Le fait communautaire est encore trop souvent pensé en France dans les termes des méfaits du communautarisme entendu comme un excès de communauté nocif au rayonnement de la laïcité. Le retour des communs en deçà de l’Etat et au-delà du privé propose une autre vision du commun. Elle évite un choc frontal entre la société et la communauté. Elle peut également éviter le piège d’une laïcité en otage qui fonctionnerait comme la raison morale d’un nationalisme d’Etat.

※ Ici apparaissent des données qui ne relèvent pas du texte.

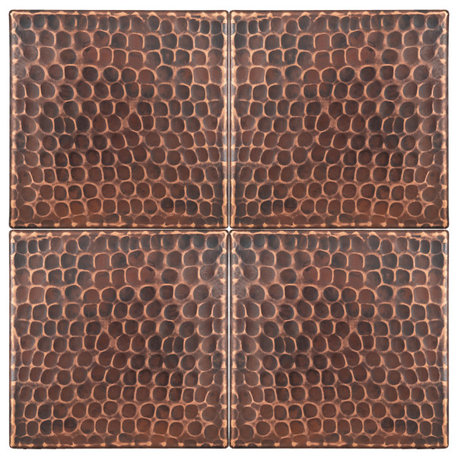 Hammered Copper Tile, 4"x4", Set of 4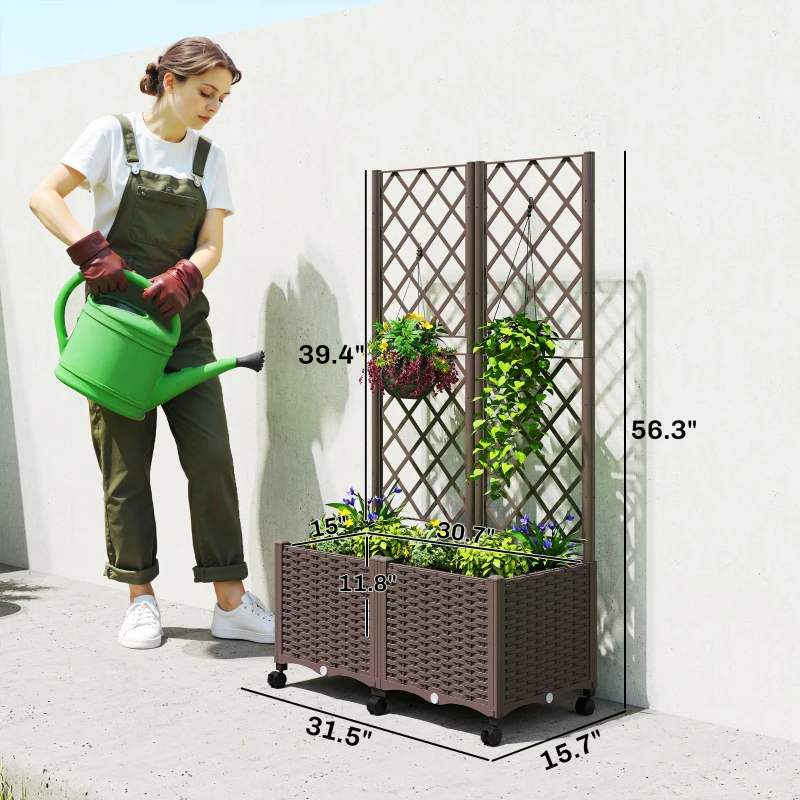 Outdoor Planter Box Mobile Raised Garden Bed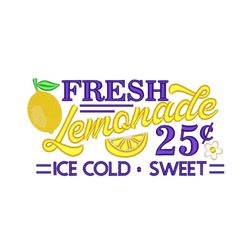 Fresh lemonade embroidery design, 4 sizes, Instant download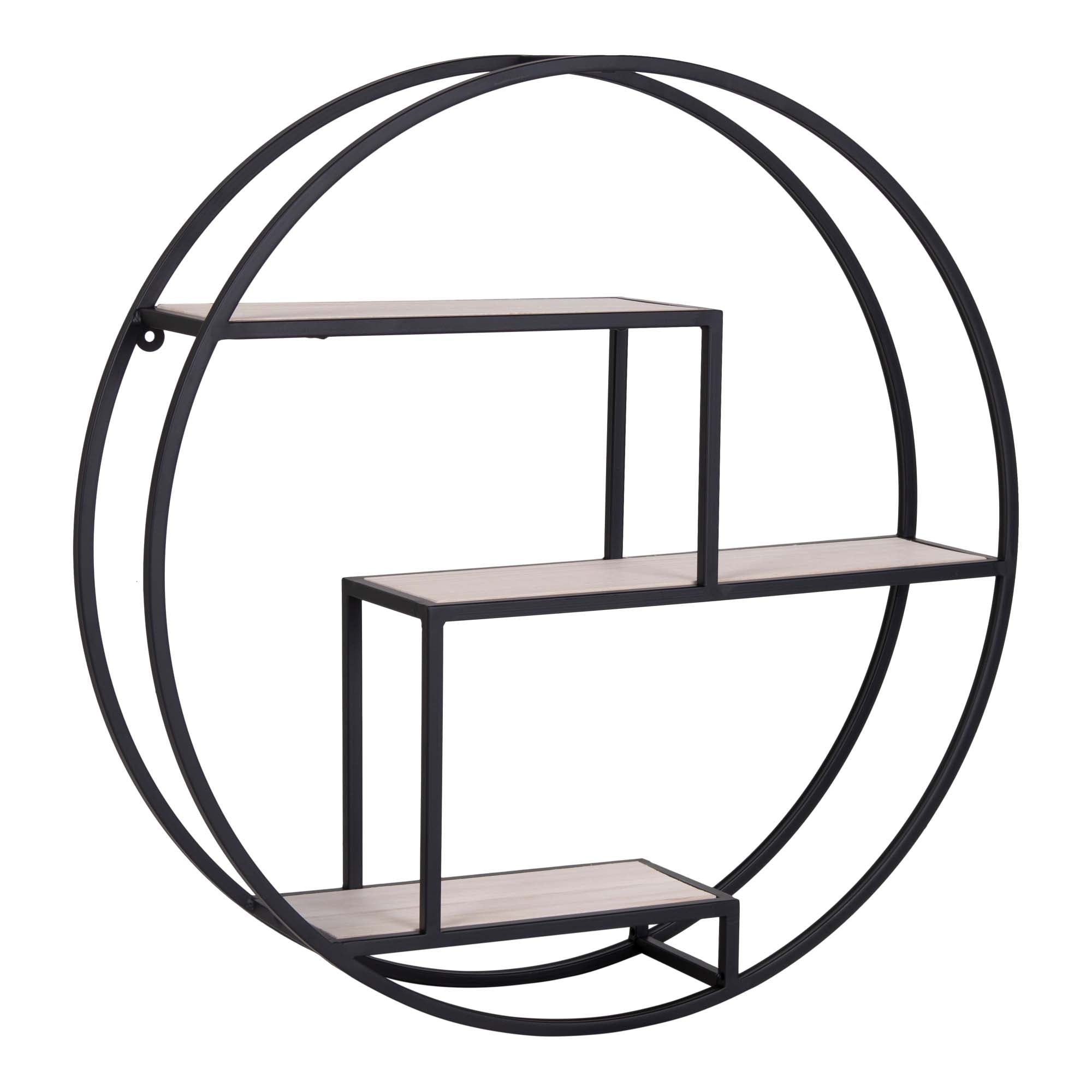 Rotterdam Wall Shelf - Wall shelf, wood shelves, black frame ø62x14 cm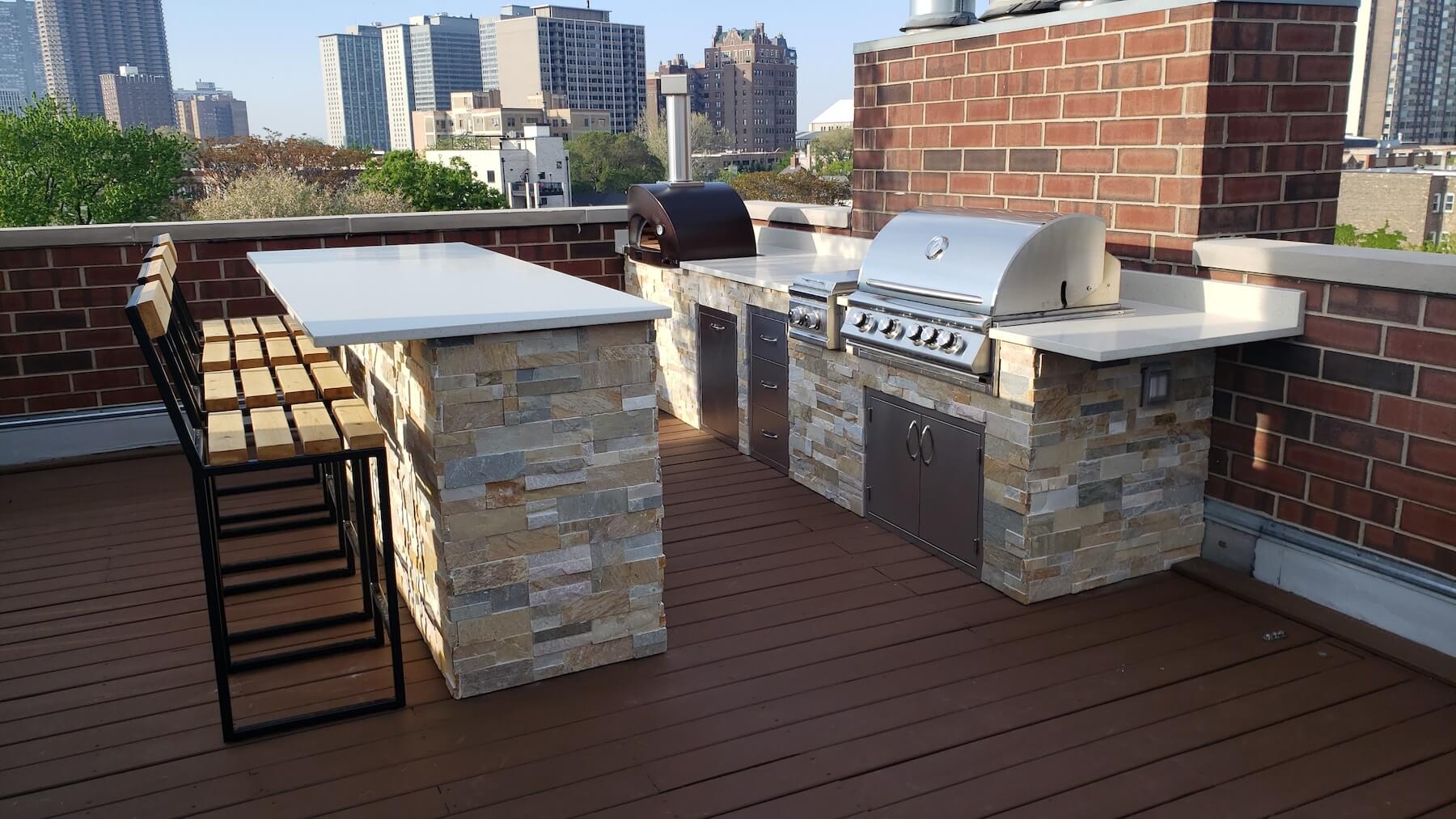 Rooftop Deck Outdoor Kitchen Granite Countertops Rooftop Kitchen Denver Co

Les rapports successifs du Groupe d’experts intergouvernemental sur l’évolution du climat (GIEC) sont sans ambiguïté et la mise en garde est limpide : « le monde devra engager des transformations "rapides" et "sans précédent" ». Les Corses doivent concevoir dans l’urgence non seulement des nouveaux modèles économiques et de gestion des ressources mais également des nouvelles formes d’organisation politique. Nombres de nos compatriotes, jeunes et moins jeunes, corses d’origine et d’adoption s’emploient aujourd’hui à expérimenter de nouvelles manières de produire et d’habiter la Corse. Des initiatives bourgeonnent ici et là en faveur d’une économie de la proximité, de flux circulaires, dans le domaine de l’alimentation, du traitement des déchets… Mais trop encore de nos contemporains demeurent dans le déni.
La réflexion à laquelle nous invite les travaux d’Ostrom sur les communs de Corse fournit un contenu prometteur au débat actuel sur l’autonomie pour peu que ce dernier soit connecté aux grands enjeux territoriaux et planétaires.
 

Indications bibliographiques

Hardin Garrett, The Tragedy of the Commons, revue Science, Vol. 162, No. 3859 (Dec. 13, 1968), pp. 1243-1248 (6 pages).
Ostrom Elinor, Governing the commons, the evolution of institutions for collective action, Cambridge University Press, 1990.
Ostrom Elinor, Gouvernance des biens communs. Pour une nouvelle approche des ressources naturelles, Révisé par : Laurent Baechler,| juin 2010 | 301 pages.